1. Prepare your data
>>>>>>>>>>>>>>>>>>>>>>>>>>>>>>
Note in distributed training, the config and dataset of each process should be the same. 
It is recommended that you create a configuration file shared by different processes.
In above example, you can create a `yaml` file called `test.yaml` and write the following settings:

.. code:: yaml

    gpu_id: '0,1,2,3'
    # dataset config
    USER_ID_FIELD: user_id
    ITEM_ID_FIELD: item_id
    load_col:
        inter: [user_id, item_id]

For more details of data config, please refer to :doc:`../user_guide/config/data_settings`.

2. Choose a model:
>>>>>>>>>>>>>>>>>>>>>>>>>
In RecBole, we implement more than 100 recommendation models covering general recommendation, sequential recommendation,
context-aware recommendation and knowledge-based recommendation. You can choose a model from our :doc:`../user_guide/model_intro`.
Here we choose BPR model to train and test. 

Then, you need to set the parameter for BPR model. You can check the :doc:`../user_guide/model/general/bpr` and add the model settings into the `test.yaml`, like:

.. code:: yaml

    # model config
    embedding_size: 64

If you want to run different models, you can read :doc:`../user_guide/usage/running_different_models` for more information.

3. Set training and evaluation config:
>>>>>>>>>>>>>>>>>>>>>>>>>>>>>>>>>>>>>>>>>
In RecBole, we support multiple training and evaluation methods. You can choose how to train and test model by simply setting the config.

Here we want to train and test the BPR model in training-validation-test method (optimize model parameters on the training set, do parameter selection according to the results on the validation set,
and finally report the results on the test set) and evaluate the model performance by full ranking with all item candidates, 
so we can add the following settings into the `test.yaml`.

.. code:: yaml

    # Training and evaluation config
    epochs: 500
    train_batch_size: 4096
    eval_batch_size: 4096
    train_neg_sample_args:
        distribution: uniform
        sample_num: 1
        alpha: 1.0
        dynamic: False
        candidate_num: 0
    eval_args:
        group_by: user
        order: RO
        split: {'RS': [0.8,0.1,0.1]}
        mode: full
    metrics: ['Recall', 'MRR', 'NDCG', 'Hit', 'Precision']
    topk: 10 
    valid_metric: MRR@10
    metric_decimal_place: 4

For more details of training and evaluation config, please refer to :doc:`../user_guide/config/training_settings` and :doc:`../user_guide/config/evaluation_settings`.

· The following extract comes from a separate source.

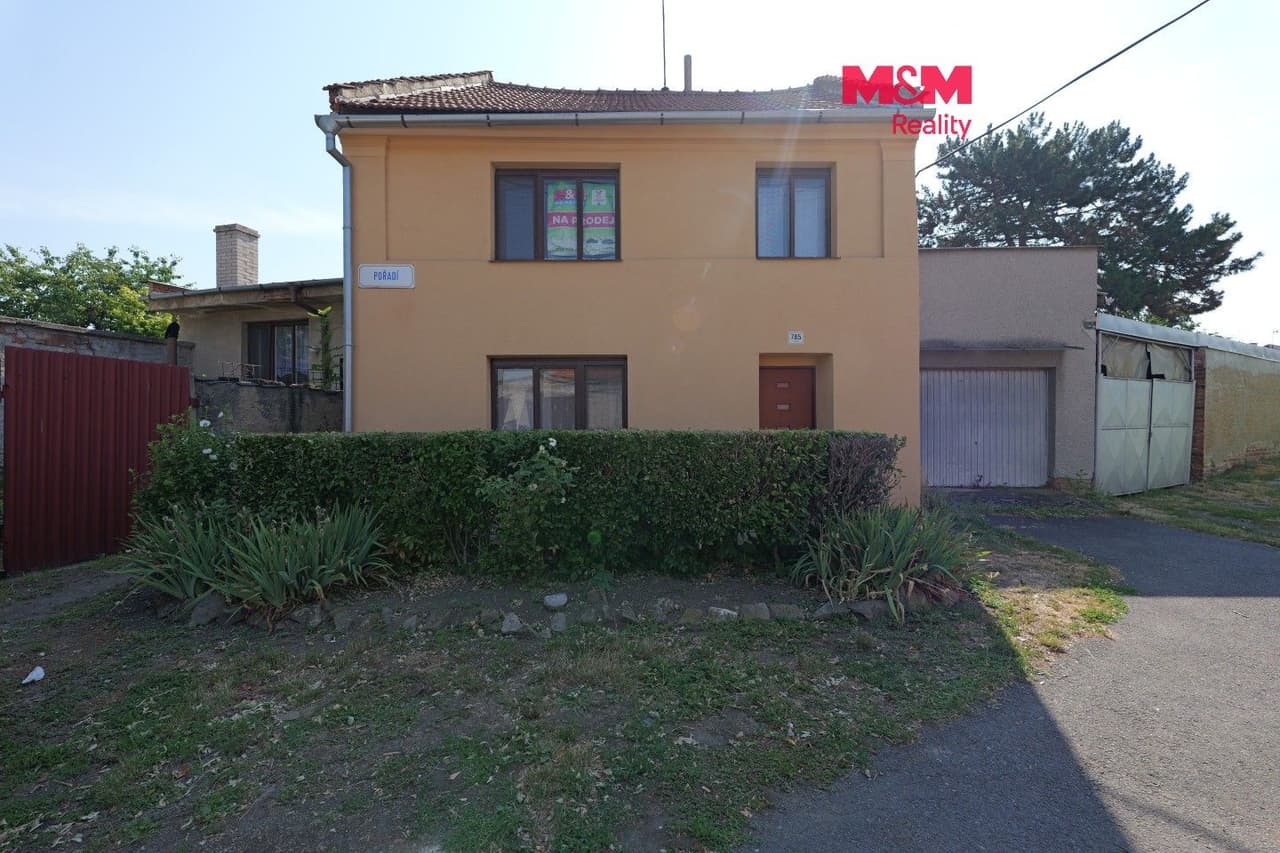 Prodej domu 75 m²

4. Run the model and collect the result
>>>>>>>>>>>>>>>>>>>>>>>>>>>>>>>>>>>>>>>>>>>>
Now you have finished all the preparations, it's time to run the model!
In distributed training, you should specify the following parameters on each node:

- ``ip`` : IP address of the master node (i.e. node of the process with rank of 0).

- ``port`` : The port number of the master node.

- ``world_size`` : The number of ranks in the global (the whole distributed task).

- ``nproc`` : The number of processes on current node.

- ``group_offset`` : The offset of the global rank of current node (i.e. the lowest global rank of current node).

In above example, you can create a new python file (e.g., `run_a.py`) on node A, and write the following code:

.. code:: python

    from recbole.quick_start import run_recboles
    import torch.multiprocessing as mp
    args = dict(
        model = 'BPR',
        dataset = 'ml-100k',
        config_file_list = ['test.yaml'],
        ip = '123.456.789.21',
        port = '5678',
        world_size = 8,
        nproc = 4,
        group_offset = 0
    )

    # Optional, only needed if you want to get the result of each process.
    queue = mp.get_context('spawn').SimpleQueue()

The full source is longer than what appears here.